Kim Hill, executive director of the Chesterfield Food Bank Outreach Center, said the food bank added five emergency distributions, and that its first emergency distribution served about 331 additional families. “We saw about a 60% increase so far,” Hill said, describing the rise as across all the food bank's programs, including mobile distributions, home deliveries, motel outreach and senior services.
Hill said the food bank has expanded school-based support and will add six school pantries to reach students and send food home to families; staff said they will meet with principals this week to aim for December openings. Hill credited partnerships with Feedmore, the CHASM church network and Colonial Heights Foodbanks for supplying food and volunteer capacity during the surge, and said social services and community-enhancement funds helped expand senior programming.
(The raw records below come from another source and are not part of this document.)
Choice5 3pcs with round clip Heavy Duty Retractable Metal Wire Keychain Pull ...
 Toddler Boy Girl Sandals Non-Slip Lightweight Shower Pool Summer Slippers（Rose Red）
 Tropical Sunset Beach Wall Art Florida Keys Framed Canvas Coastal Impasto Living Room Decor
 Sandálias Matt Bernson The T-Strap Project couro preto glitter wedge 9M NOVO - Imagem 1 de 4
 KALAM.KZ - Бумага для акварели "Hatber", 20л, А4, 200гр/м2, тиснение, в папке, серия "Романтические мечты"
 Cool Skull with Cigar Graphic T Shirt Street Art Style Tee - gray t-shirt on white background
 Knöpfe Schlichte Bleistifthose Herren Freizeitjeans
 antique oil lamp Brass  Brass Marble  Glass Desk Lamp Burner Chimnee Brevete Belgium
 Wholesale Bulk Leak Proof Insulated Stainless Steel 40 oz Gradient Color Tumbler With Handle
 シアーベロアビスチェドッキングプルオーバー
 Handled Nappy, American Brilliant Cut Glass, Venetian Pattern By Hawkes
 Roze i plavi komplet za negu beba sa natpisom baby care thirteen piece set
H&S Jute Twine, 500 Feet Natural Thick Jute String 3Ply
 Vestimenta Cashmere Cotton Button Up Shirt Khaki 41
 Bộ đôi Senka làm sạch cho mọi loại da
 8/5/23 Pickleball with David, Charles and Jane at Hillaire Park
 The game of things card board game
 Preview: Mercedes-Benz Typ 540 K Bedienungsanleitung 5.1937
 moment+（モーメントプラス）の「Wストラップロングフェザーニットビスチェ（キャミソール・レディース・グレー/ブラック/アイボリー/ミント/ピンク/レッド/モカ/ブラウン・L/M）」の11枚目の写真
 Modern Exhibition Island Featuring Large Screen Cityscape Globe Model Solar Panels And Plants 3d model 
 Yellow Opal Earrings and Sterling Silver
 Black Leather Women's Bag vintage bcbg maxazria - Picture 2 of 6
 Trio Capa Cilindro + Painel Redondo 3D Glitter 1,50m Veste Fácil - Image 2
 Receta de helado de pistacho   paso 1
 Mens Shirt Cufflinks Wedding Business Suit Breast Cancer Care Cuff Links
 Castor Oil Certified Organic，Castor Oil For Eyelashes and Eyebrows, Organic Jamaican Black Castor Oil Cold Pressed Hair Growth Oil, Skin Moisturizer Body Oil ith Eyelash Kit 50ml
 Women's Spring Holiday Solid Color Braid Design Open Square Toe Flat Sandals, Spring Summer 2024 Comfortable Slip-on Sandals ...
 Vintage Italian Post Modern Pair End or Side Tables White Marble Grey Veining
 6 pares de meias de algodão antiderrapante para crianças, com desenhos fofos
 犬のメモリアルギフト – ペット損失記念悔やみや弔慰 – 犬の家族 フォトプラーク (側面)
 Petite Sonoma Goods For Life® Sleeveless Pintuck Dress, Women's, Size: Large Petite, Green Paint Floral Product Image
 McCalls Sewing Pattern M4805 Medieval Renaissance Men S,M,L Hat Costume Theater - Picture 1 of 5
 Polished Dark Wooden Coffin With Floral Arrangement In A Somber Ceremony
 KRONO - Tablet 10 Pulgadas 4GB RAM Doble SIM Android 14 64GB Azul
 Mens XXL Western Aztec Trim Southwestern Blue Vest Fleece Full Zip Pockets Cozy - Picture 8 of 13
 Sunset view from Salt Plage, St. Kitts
County staff also said FEMA is not requesting additional monetary assistance because community donations and a state investment by the governor have covered immediate needs. Staff said regional emergency teams — which had been meeting three times a week during the crisis — have scaled back to monthly but can reconvene sooner than a planned December 3 meeting if conditions change.
Board members praised the rapid coordination. One board member who serves on the National Association of Counties human services team said Chesterfield's approach was a model other jurisdictions looked to during the shutdown. In response to a board question, Hill confirmed the bags sent home with students will include information about regular distributions and how families can sign up for services.
No formal votes or policy actions were taken; presenters said the county and nonprofit partners will continue monitoring need and coordinating distributions, and will reconvene regional partners if new indications of need emerge.